▶ [Image-caption web data]:
▬▬▬
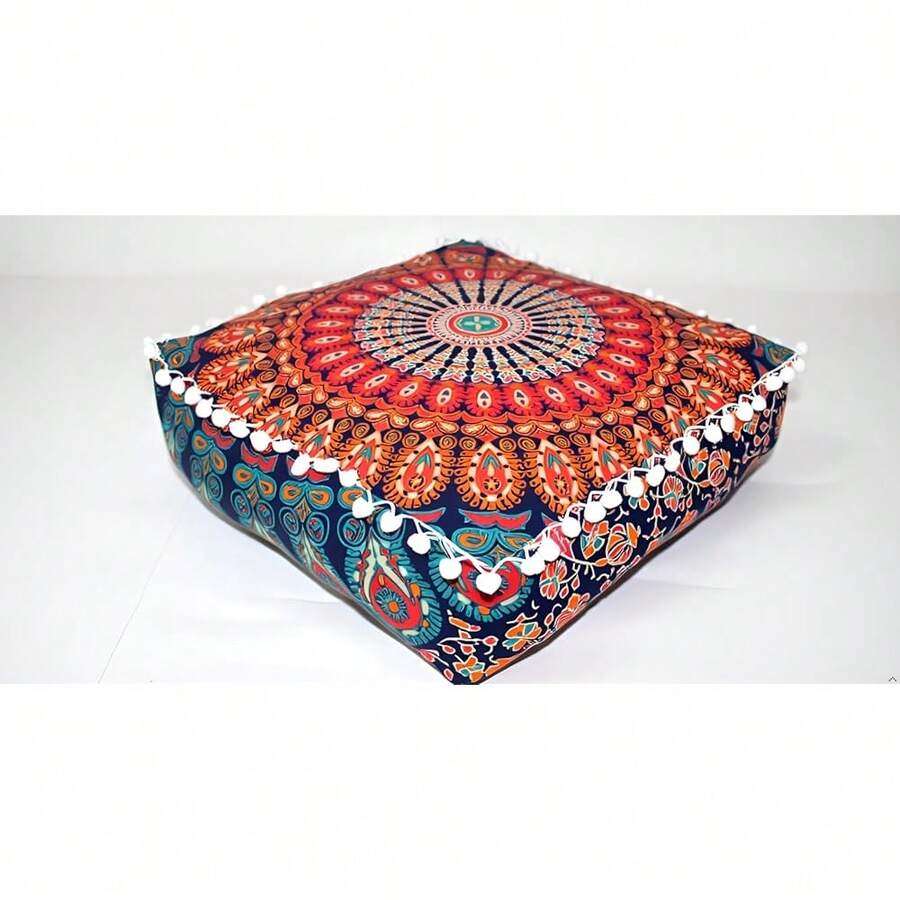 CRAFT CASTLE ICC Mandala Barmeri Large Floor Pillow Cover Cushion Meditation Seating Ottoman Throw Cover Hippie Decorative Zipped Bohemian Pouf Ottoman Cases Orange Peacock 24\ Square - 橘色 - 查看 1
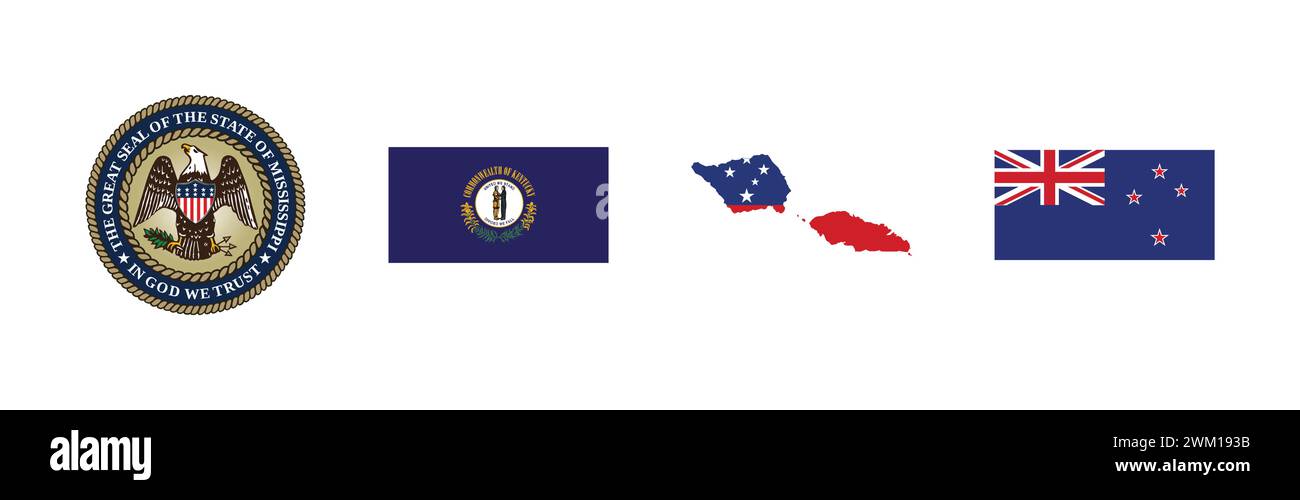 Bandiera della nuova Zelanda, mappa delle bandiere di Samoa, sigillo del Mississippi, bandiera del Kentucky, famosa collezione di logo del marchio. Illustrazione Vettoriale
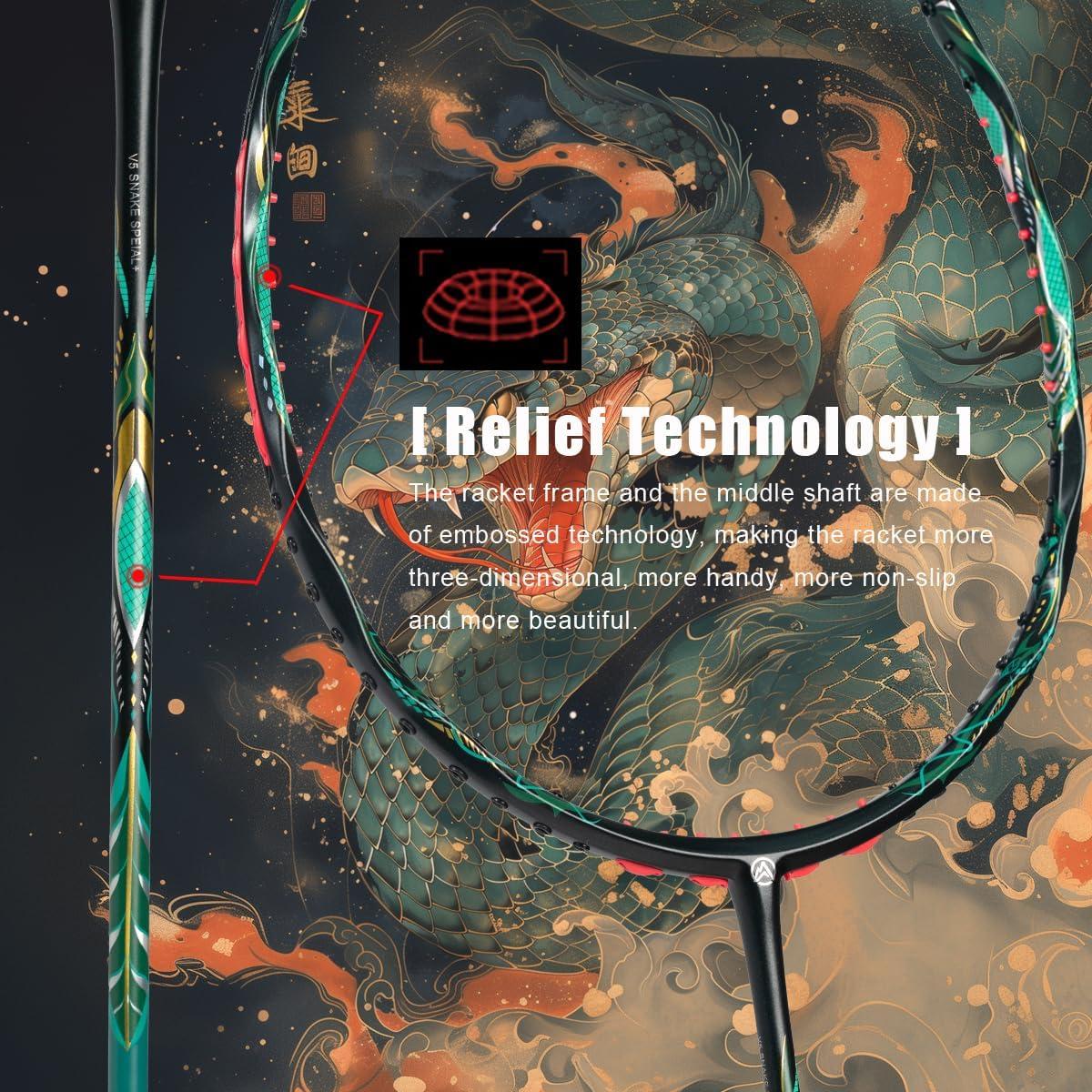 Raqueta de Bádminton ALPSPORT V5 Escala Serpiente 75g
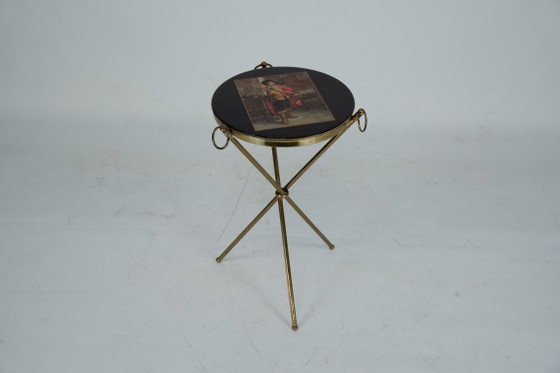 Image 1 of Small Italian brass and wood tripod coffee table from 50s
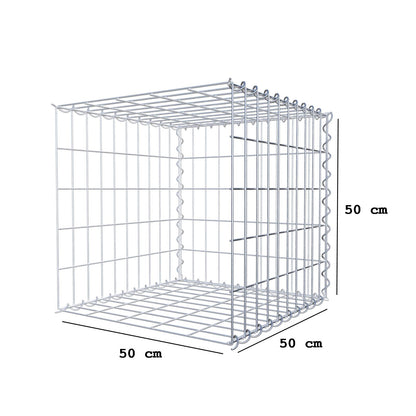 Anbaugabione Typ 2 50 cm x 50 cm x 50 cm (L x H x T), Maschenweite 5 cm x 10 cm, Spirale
▬▬▬
▶ [Work task]:
Your answer must consist of the entries, unchanged, with no pictures in it.

▶ [Task answer]:
 CRAFT CASTLE ICC Mandala Barmeri Large Floor Pillow Cover Cushion Meditation Seating Ottoman Throw Cover Hippie Decorative Zipped Bohemian Pouf Ottoman Cases Orange Peacock 24\ Square - 橘色 - 查看 1
 Bandiera della nuova Zelanda, mappa delle bandiere di Samoa, sigillo del Mississippi, bandiera del Kentucky, famosa collezione di logo del marchio. Illustrazione Vettoriale
 Raqueta de Bádminton ALPSPORT V5 Escala Serpiente 75g
 Image 1 of Small Italian brass and wood tripod coffee table from 50s
 Anbaugabione Typ 2 50 cm x 50 cm x 50 cm (L x H x T), Maschenweite 5 cm x 10 cm, Spirale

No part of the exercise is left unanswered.